The post-1945 European welfare states varied considerably in the resources they provided and the way they financed them. But certain general points can be made. The provision of social
services
chiefly concerned education, housing and medical care, as well as urban recreation areas, subsidized public transport, publicly-funded art and culture and other indirect benefits of the interventionary state. Social
security
consisted chiefly of the state provision of insurance—against illness, unemployment, accident and the perils of old age. Every European state in the post-war years provided or financed most of these resources, some more than others.
The important differences lay in the schemes set in place to pay for the new public provisions. Some countries collected revenue through taxation and provided free or heavily-subsidized care and services—this was the system chosen in Britain, where it reflected the contemporary preference for state monopolies. In other countries cash benefits were paid to citizens according to socially-determined criteria of eligibility, with the beneficiaries left to purchase services of their own choice. In France and some smaller countries citizens would be expected to pay up front for certain categories of medical provision, for example, but could then claim back much of their expenses from the state.

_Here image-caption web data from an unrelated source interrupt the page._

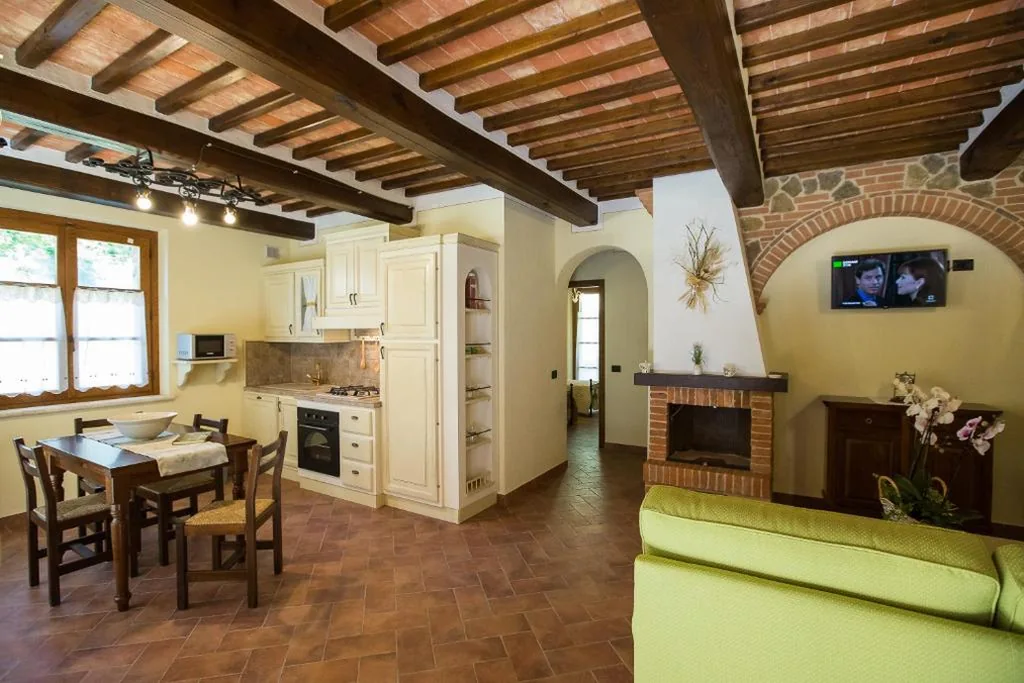 Appartamento con 2 Camere da Letto — Borgo Poggiardelli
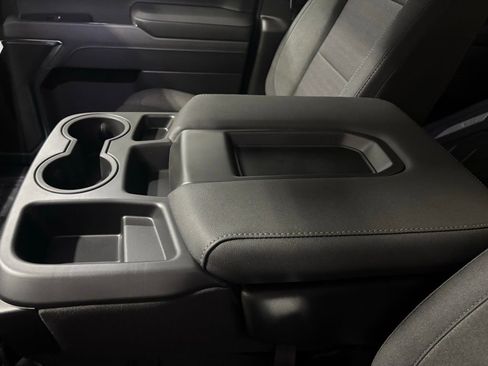 New 2026 GMC Sierra 1500 SLE w/ Preferred Package AWD/4WD image 21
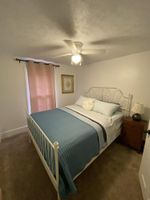 Alquiler Vacacional - Just a few blocks from Lake Erie!  4 season home with a cozy cottagey feel.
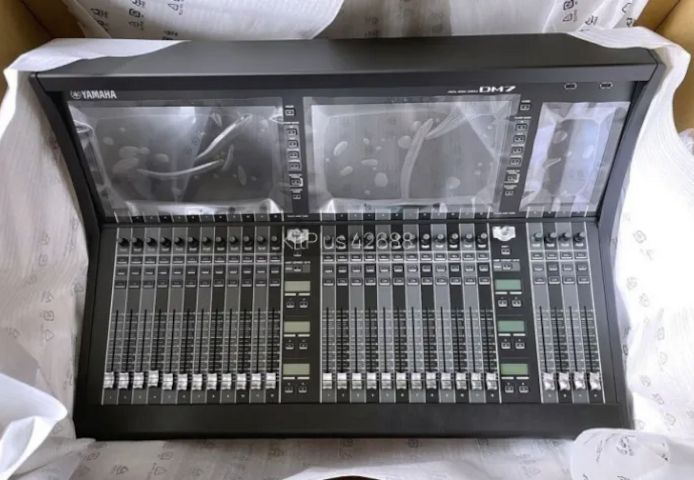 Yamaha DM7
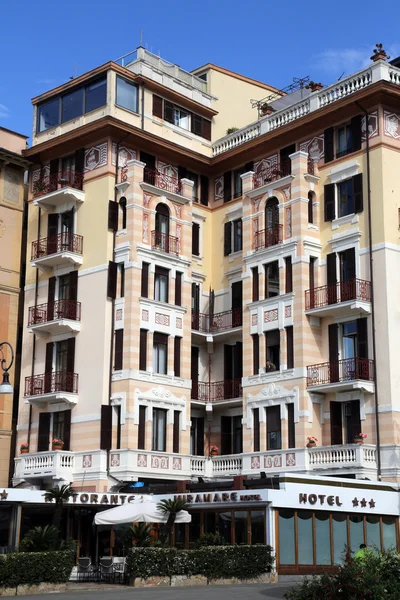 Liguria, rapallo, épületre homlokzat — Stock Fotó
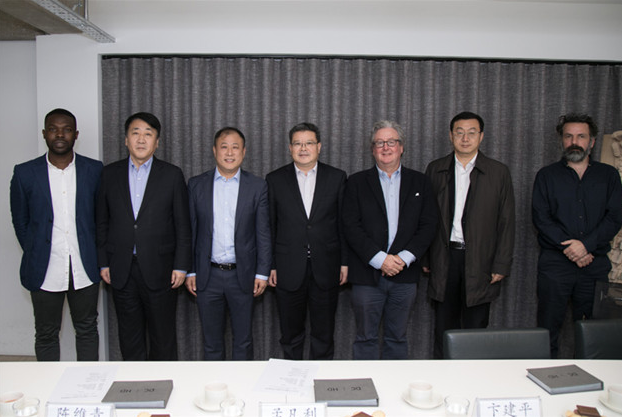 青島市長孟凡利對德才集團英國DC-HD設計院走訪調(diào)研(圖4)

These differences reflected varying systems of national finance and accounting, but they also signified a fundamental strategic choice. In isolation, social insurance, however generous, was not in principle politically radical—we have seen how relatively early it was introduced in even the most conservative of regimes.
Comprehensive
welfare systems, however, are inherently re-distributive. Their universal character and the sheer scale on which they operate require the transfer of resources—usually through taxation—from the privileged to the less well off. The welfare state was thus in itself a radical undertaking, and the variations among the European welfare states after 1945 reflected not just institutional procedures but also political calculation.
In eastern Europe, for example, the Communist regimes after 1948 on the whole did
not
usually favour universal welfare systems—they did not need to, since they were at liberty to redistribute resources by force without spending scarce state funds on public services. Peasants, for instance, were frequently excluded from the social insurance and pension arrangements on political grounds. In western Europe only six countries—Belgium, Italy, Norway, Austria, the Federal Republic of Germany and the UK—introduced compulsory and universal unemployment insurance after 1945. Subsidized voluntary schemes remained in the Netherlands until 1949, in France through 1967, in Switzerland until the mid-1970s. In Catholic Europe long-established local and communal coverage against unemployment probably impeded the development of universal systems of insurance by reducing the need for them. In countries where inter-war unemployment had been especially traumatic—the UK, or Belgium—welfare spending was driven in part by the desire to maintain full or close to full employment. Where it had not been so significant—in France or Italy, for example—this was reflected in a rather different balance of priorities.